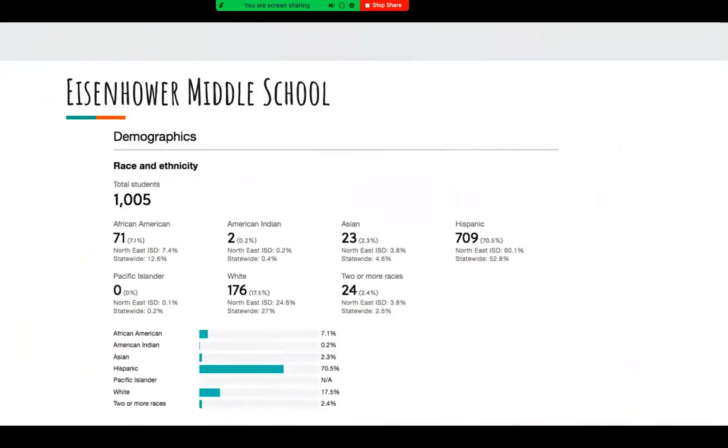Here we have the demographics that make up the student body at Eisenhower. We are a heavily Hispanic community with 70.5% of our students being Hispanic, followed by 17.5% being white, 7.1% being African-American, 2.4% being two or more races, 2.3% being Asian, and lastly 0.2% being American Indian.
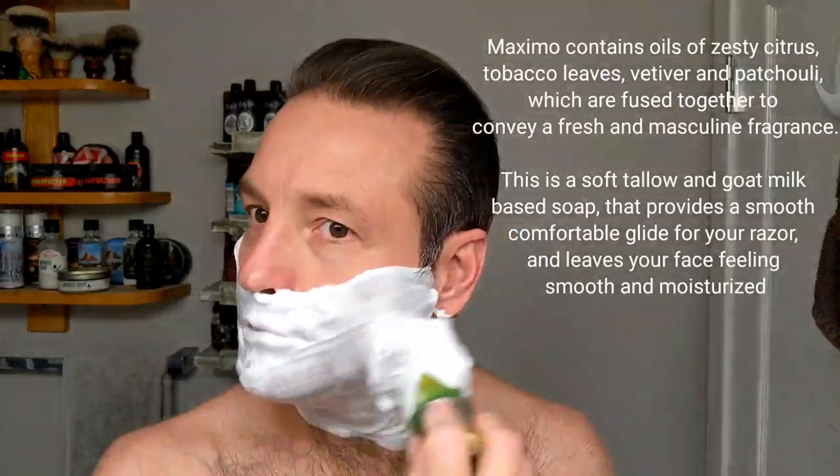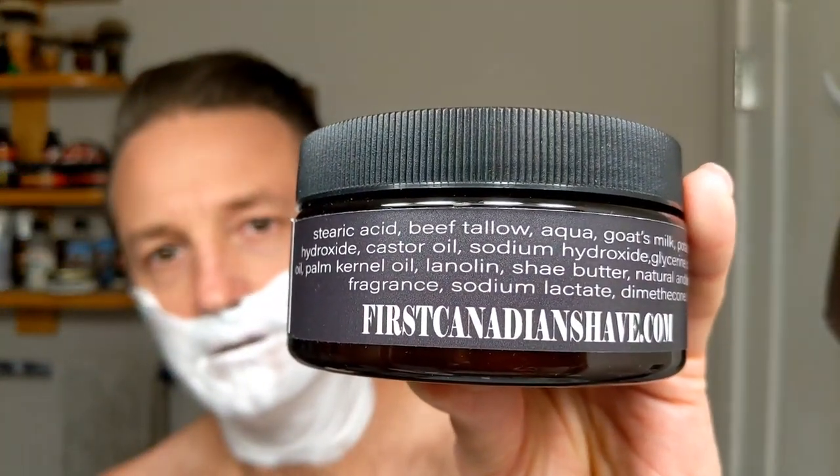This lather is insanely good. I'm getting a nice, beautiful lather with this — it's slick. I'll put the ingredients in for you guys. First Canadian has what they call the Buffalo milk base and the goat's milk base, Buffalo milk being the premium one. I think Randy's slowly going to be switching everything over to that, but I'm pretty sure this is the goat's milk base. I will put those ingredients up for you guys along with the scent notes. I'll add a little bit more water — the base can take it.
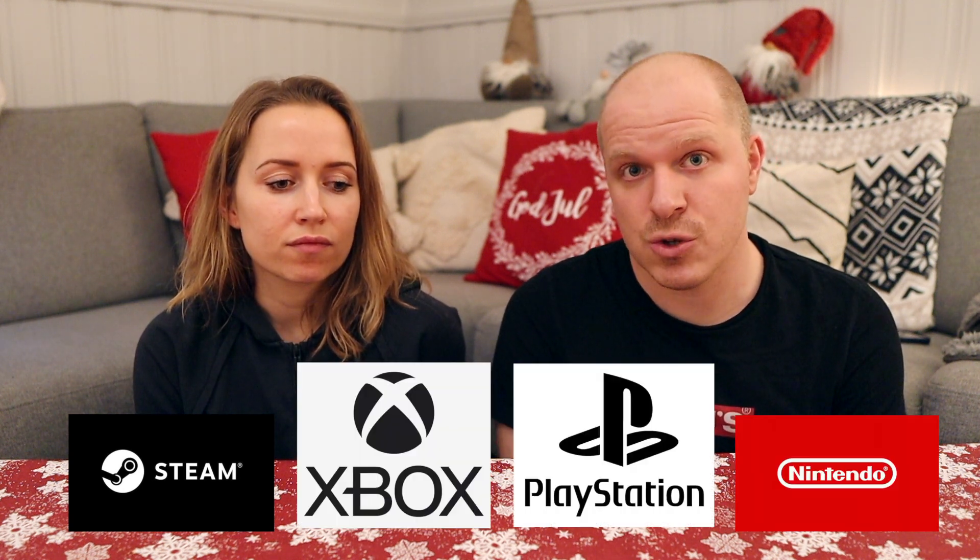This one is for most guys — video games. You're pretty safe buying a gift card for Steam, which is for PC, or for the Xbox, PlayStation, or Nintendo store. That's pretty much guaranteed success.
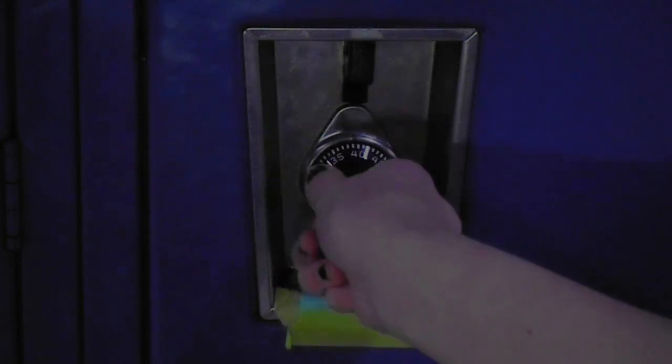Then you'll go to the left, past your first number, and then to your next number. And then finally you'll go right and land on your last number. That's how to open a locker, folks.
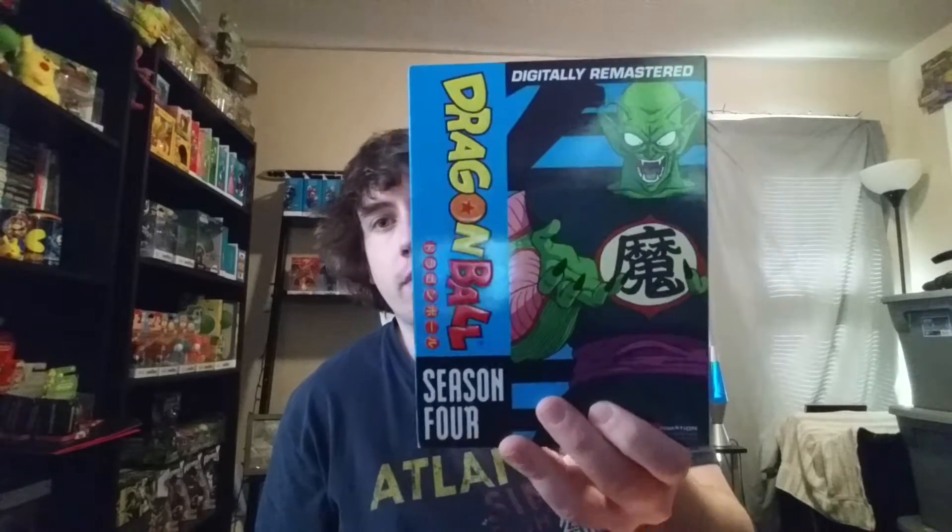I picked up Catherine — I've been wanting this game for a while. I hear it's a very weird game, but a very cool game. I've been watching Dragon Ball, so I had to pick up Season 4 as well. I'm a little ways into Season 3, so I went ahead and got 4 so I'd be ready whenever we get to that one.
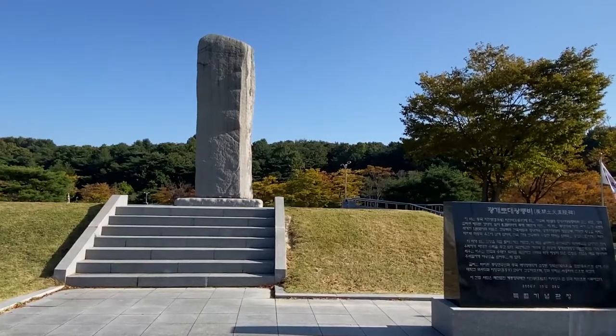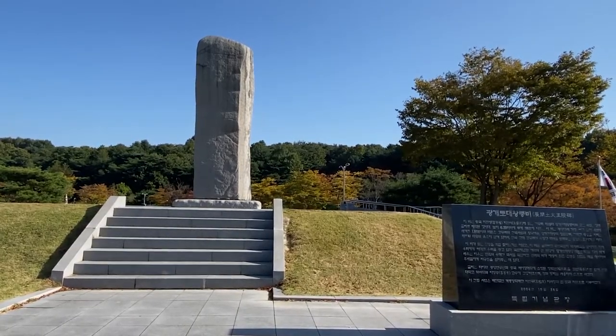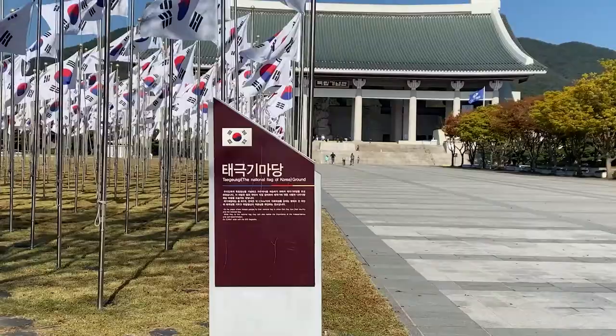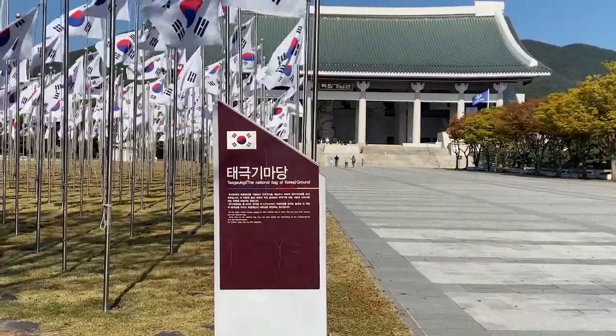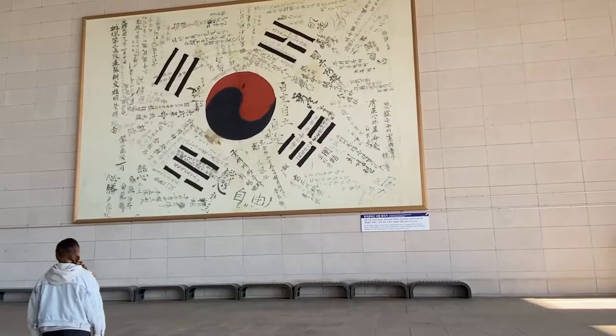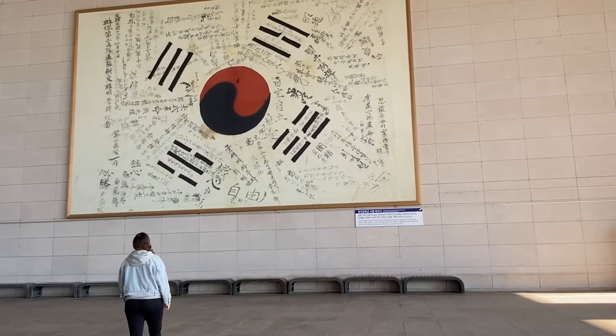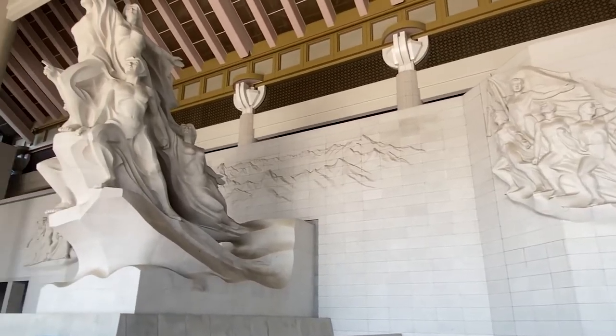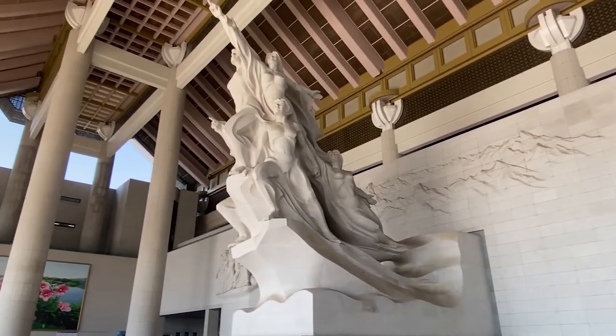The Independence Hall of Korea, located in Cheonan, is the largest Korean history museum in South Korea. There are seven exhibition halls throughout the site that contain displays, historical Korean documents, and relics from past to present.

————

Task instructions: Give back the full listing exactly, with pictures dropped.

Reply:
Here we have the demographics that make up the student body at Eisenhower. We are a heavily Hispanic community with 70.5% of our students being Hispanic, followed by 17.5% being white, 7.1% being African-American, 2.4% being two or more races, 2.3% being Asian, and lastly 0.2% being American Indian.
This lather is insanely good. I'm getting a nice, beautiful lather with this — it's slick. I'll put the ingredients in for you guys. First Canadian has what they call the Buffalo milk base and the goat's milk base, Buffalo milk being the premium one. I think Randy's slowly going to be switching everything over to that, but I'm pretty sure this is the goat's milk base. I will put those ingredients up for you guys along with the scent notes. I'll add a little bit more water — the base can take it.
This one is for most guys — video games. You're pretty safe buying a gift card for Steam, which is for PC, or for the Xbox, PlayStation, or Nintendo store. That's pretty much guaranteed success.
Then you'll go to the left, past your first number, and then to your next number. And then finally you'll go right and land on your last number. That's how to open a locker, folks.
I picked up Catherine — I've been wanting this game for a while. I hear it's a very weird game, but a very cool game. I've been watching Dragon Ball, so I had to pick up Season 4 as well. I'm a little ways into Season 3, so I went ahead and got 4 so I'd be ready whenever we get to that one.
The Independence Hall of Korea, located in Cheonan, is the largest Korean history museum in South Korea. There are seven exhibition halls throughout the site that contain displays, historical Korean documents, and relics from past to present.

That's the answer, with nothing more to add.